Friday, April 22, 2011

Tomato Sucker Debate and Bucket Update

When last we left you, our hero was considering...Screech!! Oops, sorry. I forgot this wasn't a melodrama. It's a gardening blog. But from what I've been reading in "the literature" from Extension Services, seed companies, "professional" growers, backyard dabblers and the infamous internet experts, the concept of trimming the tomato suckers is exactly that, a melodrama.

Some say do, some say don't, some say do it sometimes, others do it never. For some folks, this is as important an issue as what variety to grow or whether or not to plant by the cycles of the moon. For others, it's a silly topic and one on which they expend no effort either discussing or doing. So, I've made my decision.

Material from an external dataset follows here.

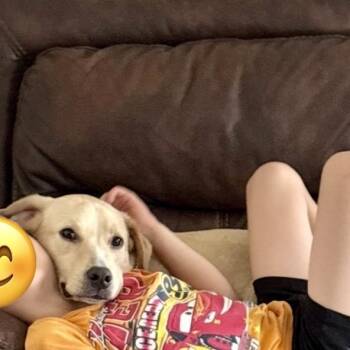 Beau Boy -  Yellow Labrador Retriever Dog for Adoption in New Orleans, Louisiana - Beau Boy | PetCurious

In order to keep the concept of Stealth Farming, the work has to be the easiest and most productive it can be. It has to take care of the plant, the garden and the produce and still produce the highest yield and most flavorful, healthy food possible. With that in mind, I have decided to ignore the suckers. In fact, I'm not even going to call them suckers. To me they will just be additional branches or shoots on which more tomatoes can grow.

If my point was to grow a prize-winning tomato for the county fair, I would let several fruits set on the plant and then I would monitor them as they began to grow. I would make sure that no suckers, I mean 'additional branches' were allowed to grow and flourish. I would then select the best fruit from the plant and remove all of the others. Then I would hope and pray that no bug got to that one while it grew.

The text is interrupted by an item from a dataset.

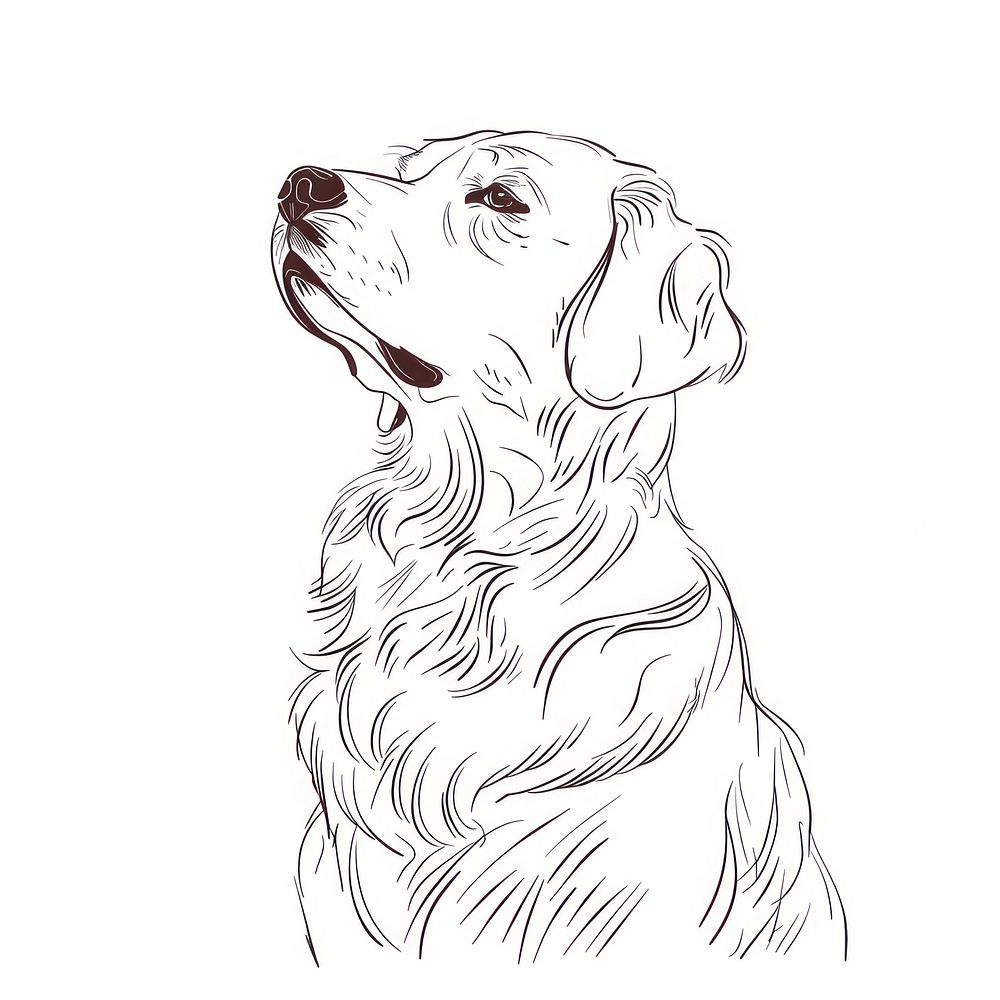 Golden retriever doodle drawing animal mammal.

Because these additional branches will allow for more leaf production and flower production, there will be more fruit from the plant. Because a plant has a finite amount of energy and nutrients that it can produce over the course of the season, more fruits generally means more average fruits and fewer phenomenal fruits. I'm OK with this as my purpose is to produce as many tomatoes as possible. So, the additional branches will remain.

I'm not that emotionally invested in my plants to worry and fuss over every detail like the 'additional branches.' And although I know that some people are, I don't think I will ever get that way. And if I do, somebody please slap me and wake me up.

Over the past few days I have been attaching the supports for the tomatoes in the buckets. These are made from wood that I ripped last year into 1" x 1" pieces approximately 6 feet long. I put one support stick on each side of the plant generally perpendicular to the fill tube-drain hole line. I secured them with a simple cable tie.

This photo makes it look like the support stick is only a couple inches away from the fill tube, but it's not, really. I thought the green cable ties made a nice statement, don't you?

When I had both of the supports in place (they push down easily in the compost/mulch/soil mix) and anchored, I used a piece of nylon twine to form the trellis support on each side of the plant stem. I've used this method before and it allows for the plant to grow and enlarge without binding or restricting but it still provides enough support to the plant to keep it upright and protect it from the wind and the weight of the fruit.

By following a figure-eight pattern between the posts and the plant, there is enough 'give' in the string to support but not rub an injury to the stem. An alternative to this is the simply tie the string from post to post and use plant ties or ribbons to make the support on the plant. They both work, your call.

This picture makes my leaves look yellow but that's from the floodlight I was using. As you can see, I have to garden in the evening and early morning to get it all done. (I have a life, you know.)

I've got a dozen tomatoes and three peppers growing in these Sub-irrigated planters this year. I may add some more, too. Eventually, I want to have all of my garden area in sub-irrigated planters or wicking beds. With the cost of city water rising every year, I can't afford to top water and let the excess run off back to the water table so the water authority can charge me again for the same water. By using this system, I only use the water once, same as before, but only I use the water, and only about 10% as much, too.

As a side note, I have a friend who has some pet rabbits who live in her house. They are litter box trained and she considers them members of the family. I bring her some radish tops once in a while for her bunnies. Here is a picture of last night's radish pull and the tops she got today.

I really love radishes. I like them raw, in salads, by themselves and in soup. I think they add a great flavor when grated or shredded and put in other dishes. I even like to pull one or two and munch on them as I'm working in the garden.

When you grow your own as an intercrop with other plants, it's like a bonus, almost free. I once calculated the cost of a radish to grow and it worked out to about 8 for a cent. That's cheap. And when you grow them yourself in your Stealth Garden, they are picked at the exact moment of intense flavor and nutrition. How cool is that?


  1. here in Kentucky, we're currently harvesting radishes, kale and asparagus. it's been raining so much that I don't know when we'll get the chance to plant anything more. well, for hubby to plant anything more. I'm the chief cook and bottle washer. ;)

  2. Why are some radishes longish and creepy looking?